A un diputado almeriense en las Cortes de la Transición se le escapó la muy almeriense expresión en una comisión en la que se discutía el sempiterno problema del trasvase Tajo-Segura. Y como quiera que el presidente de la mesa le requirió para que la retirase, nuestro paisano ni corto ni perezoso pidió la palabra, pero para explicar detenidamente el genuino significado local del término y su uso tan corriente en Almería. Es de suponer que la exposición quedó registrada por los taquígrafos y que así constará en el diario de sesiones. Nada más y nada menos.
En su prolija argumentación, el dilecto diputado por nuestra circunscripción mencionó algunas otras ocasiones en las que en sede oficial se habían tomado por malsonantes términos de curso legal en las hablas castellanas, sin que en el ánimo de los oradores que las pronunciaban cupiese la menor intención de escandalizar a los presentes. Y relató lo sucedido en un Consejo de Ministros en 1873 siendo presidente de la I República Estanislao Figueras. Los interminables debates sobre la crisis que se había llevado por delante a Amadeo I de Saboya y alumbrado el cambio de régimen constitucional, hacían que aquellas reuniones del Gabinete se prolongasen hasta la madrugada sin que nadie pudiese sacar nada en claro. Cansado y convencido de que no habría acuerdo posible, el presidente Figueras mandó callar a los ministros y con toda solemnidad dijo: “Señores, voy a serles franco: estoy hasta los cojones de todos nosotros”. Dicho lo cual abandonó la sala. Y no solo la sala; a la mañana siguiente cogió el tren y se fue a Francia.

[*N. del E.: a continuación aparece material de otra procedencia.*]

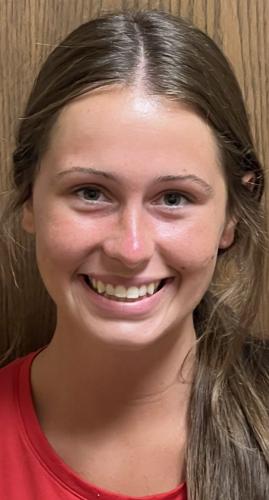 VIDEO | Coronado breaks seal on new levels of grit, stages a rally to ...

Tal expresión, como la de cipote, no puede sonar mal a nadie pronunciadas en el contexto descrito. Y es que hay muchas ocasiones en el debate político y en las tertulias de amigos en que la única manera de hacer entrar en razón a los acalorados polemistas es con una cierta salida de tono, tras la que se hace el silencio y la gente se pone a cavilar. Por ejemplo, todo almeriense está en su legítimo derecho de llamar cipote a quien se oponga a que las aguas del Tajo rieguen nuestras sedientas tierras. Y también se comprende que un portavoz en las Cortes pueda decir que “estamos hasta los cojones de todos nosotros” cuando el sentido común se estrella contra la cerril obcecación de ciertos políticos con o sin coleta.